◆ Your task: Your output should be the lines below from the one holding "2 in 1 Air Blower" through the one holding "Elena Miro Blouse With MacramÉ Lace Purple", transcribed exactly, with no pictures.

◆ Exercise input:
=== Section Start ===

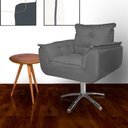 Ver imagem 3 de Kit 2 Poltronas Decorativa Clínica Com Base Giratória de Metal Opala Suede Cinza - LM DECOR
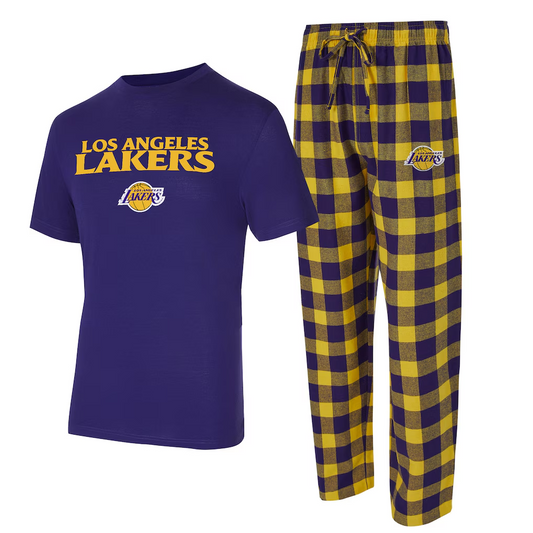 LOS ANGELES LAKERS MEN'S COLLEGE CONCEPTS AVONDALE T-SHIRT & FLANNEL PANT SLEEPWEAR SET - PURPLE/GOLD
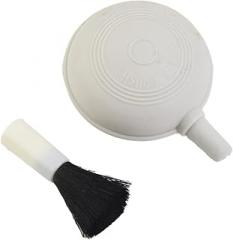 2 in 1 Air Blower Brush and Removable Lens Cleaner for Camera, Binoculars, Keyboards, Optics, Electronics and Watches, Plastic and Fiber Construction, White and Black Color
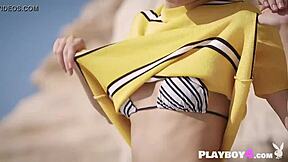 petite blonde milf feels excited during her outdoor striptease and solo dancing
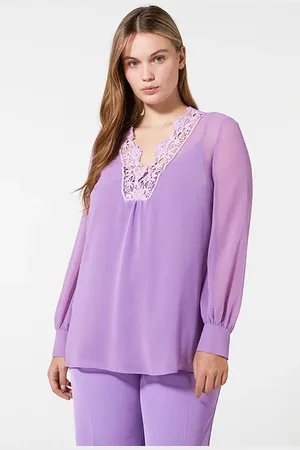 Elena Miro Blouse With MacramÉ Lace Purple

=== Section End ===
=== Section Start ===

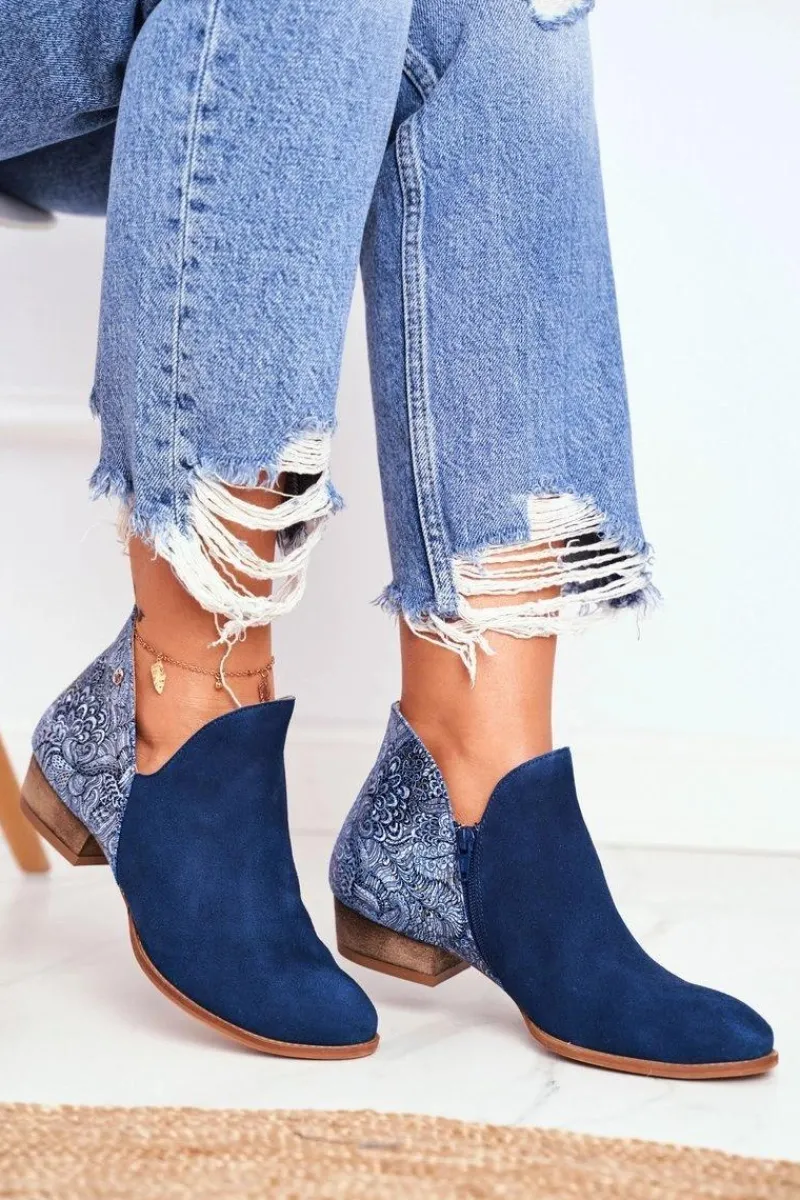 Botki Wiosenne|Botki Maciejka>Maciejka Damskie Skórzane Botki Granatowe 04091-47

=== Section End ===
=== Section Start ===

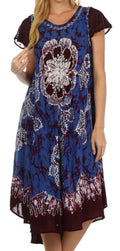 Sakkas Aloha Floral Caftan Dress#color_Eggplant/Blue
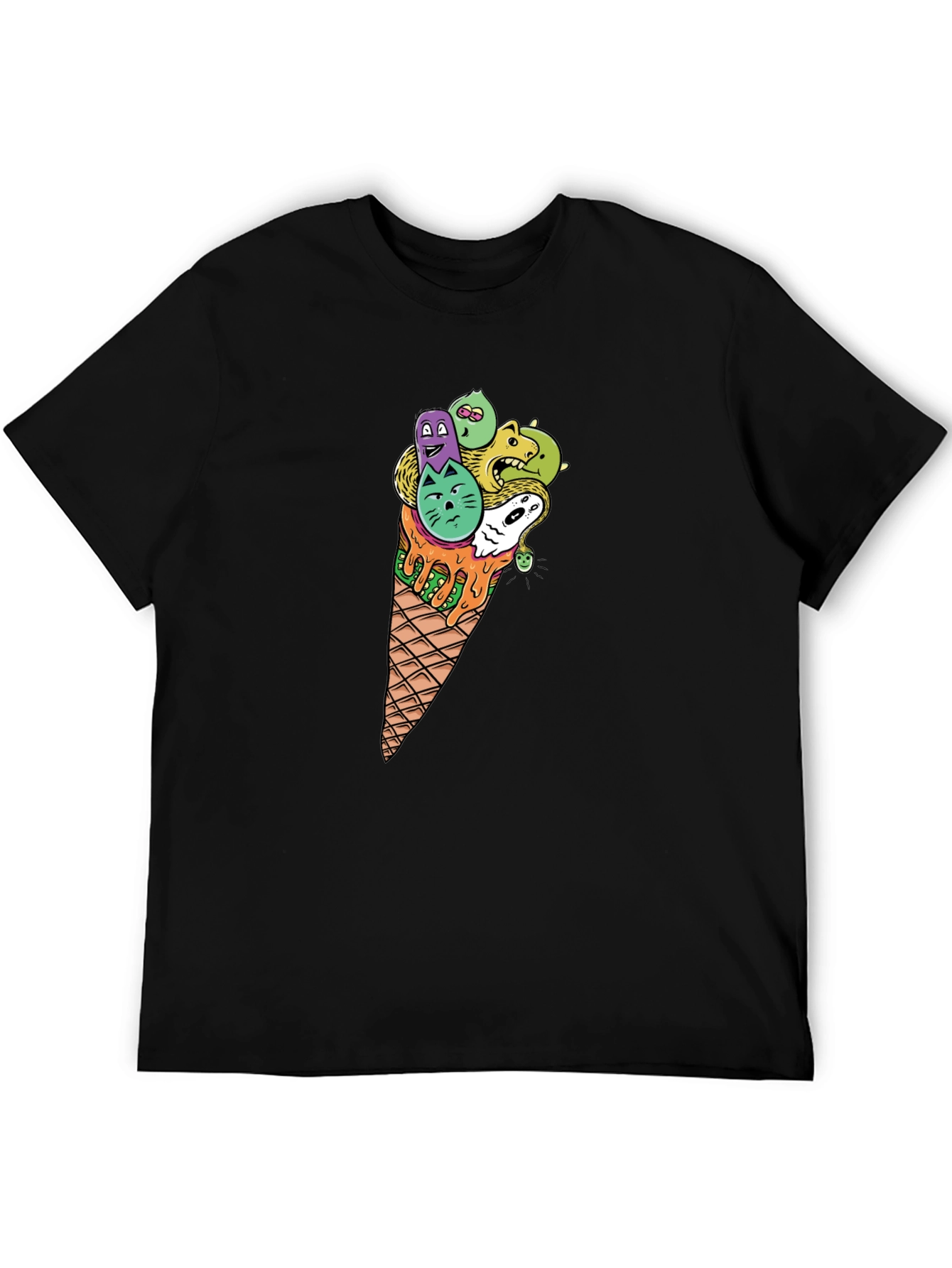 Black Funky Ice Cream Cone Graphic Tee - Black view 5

=== Section End ===

◆ Written solution:
 2 in 1 Air Blower Brush and Removable Lens Cleaner for Camera, Binoculars, Keyboards, Optics, Electronics and Watches, Plastic and Fiber Construction, White and Black Color
 petite blonde milf feels excited during her outdoor striptease and solo dancing
 Elena Miro Blouse With MacramÉ Lace Purple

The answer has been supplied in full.